Dune, of course, is a cynical ripoff of the messiah story. I don't think it has anything useful to say here.
An afterthought:
There's also a curious phenomenon *that repeats* in those stories, where eg when Abraham and Sarai are traveling in a foreign land, she pretends to be his sister (she actually is his half-sister, so this is a half-truth), and *not* his wife, so that the inhabitants of the land will not kill Abraham in order to take his beautiful wife. They *do* take Sarai, and then there are some regrets all around because God rains bad fortune on them or somesuch, and then they're upset about the lie.
This tale repeats, almost exactly, with Isaac and Rebecca.
So, what exactly is going on in these accounts?
Was this literally just what happened in the ancient world? If you traveled to another land in search of food, during a famine, you had to give up your womenfolk to the local strongman... and if you were married, they'd kill you and take your wife?

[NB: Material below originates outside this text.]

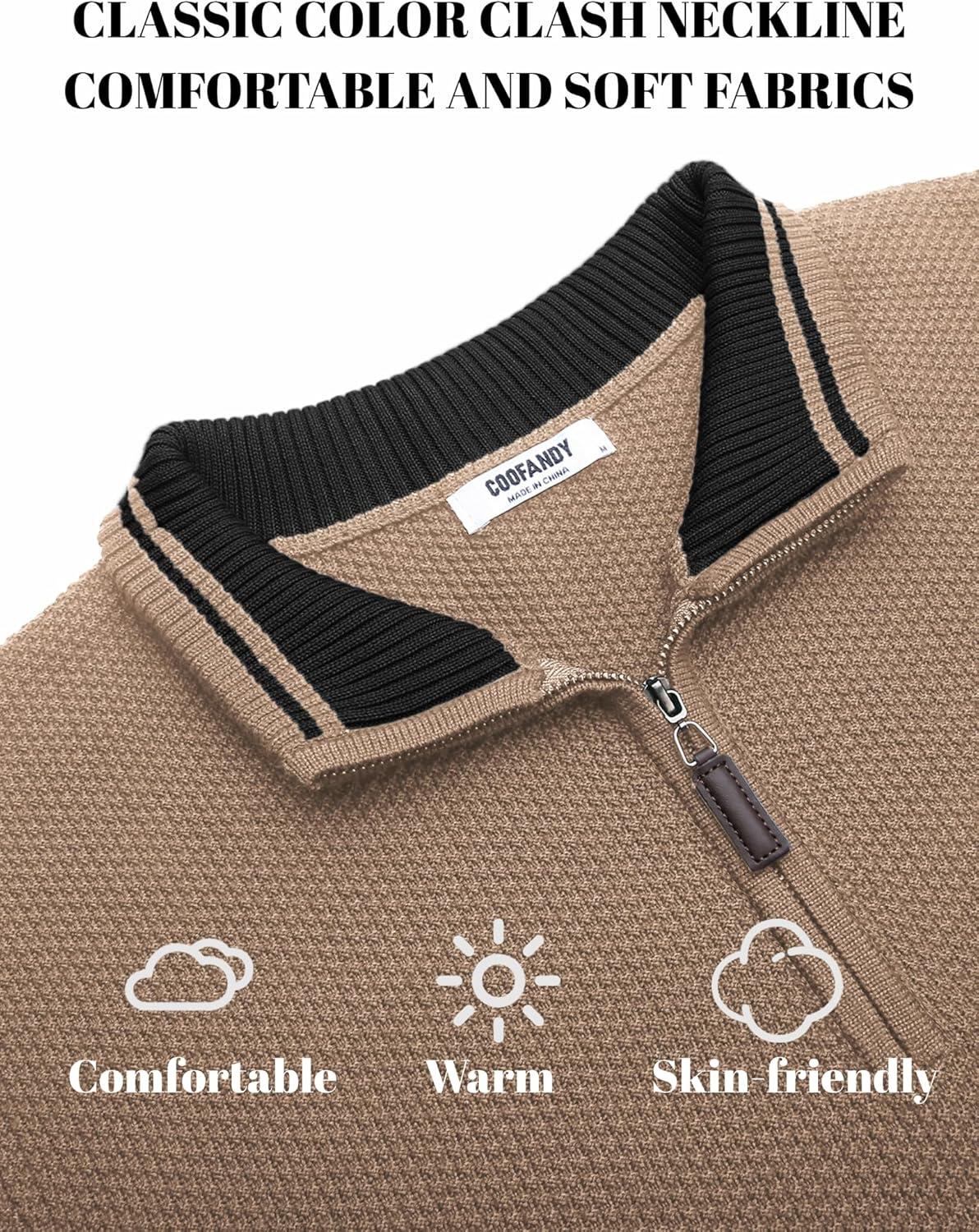 imageCOOFANDY Mens Quarter Zip Pullover Sweater Slim Fit Knit Mock Neck Polo SweatersKhaki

...that does sound rather like the "most violent man gets all the women" thing. But it's interesting that in the stories of God choosing his lineage, that practice is avoided, just barely, *more than once*.
I think that a bottleneck with consciousness is consistent with local strongmen (the first to forethought) to be extremely polygamous. Take Herakles, who is an Adam figure (the Scythians said he was their progenitor, the first man), who beds 50 Amazonians.
I'm interested in connected the Y chromosome bottleneck to EToC for the same reason I went after the diffusion of pronouns: it's good to make predictions that can falsify or limit a model. Y chromosome selection in the last 10,000 years is the most extreme form of EToC; I agree that it doesn't necessarily have to be part of EToC
As for a change in temperature, it doesn't make sense because it applies to entire continents. The difference in temperature is greater between North Africa and Siberia than it is between the Ice Age and now. So if it had to do with end of ice age climate change, why aren't the effects more regional, or present when humans expanded from Africa to Siberia?
One of the hypothesis for agriculture being invented a bunch of times in the last 10,000 years is that the climate was relatively stable. Historically speaking, during the Neolithic, it was changing *less* than usual.
Selection wouldn't mean mass graves. Could have dramatic reduction in genetic diversity with just a 1% increased survival of those with Y chromosomes conducive to self-awareness, recursive language, or whatever else became important in the Neolithic. No need for mass violence. That is, however, what other models use to explain the bottleneck.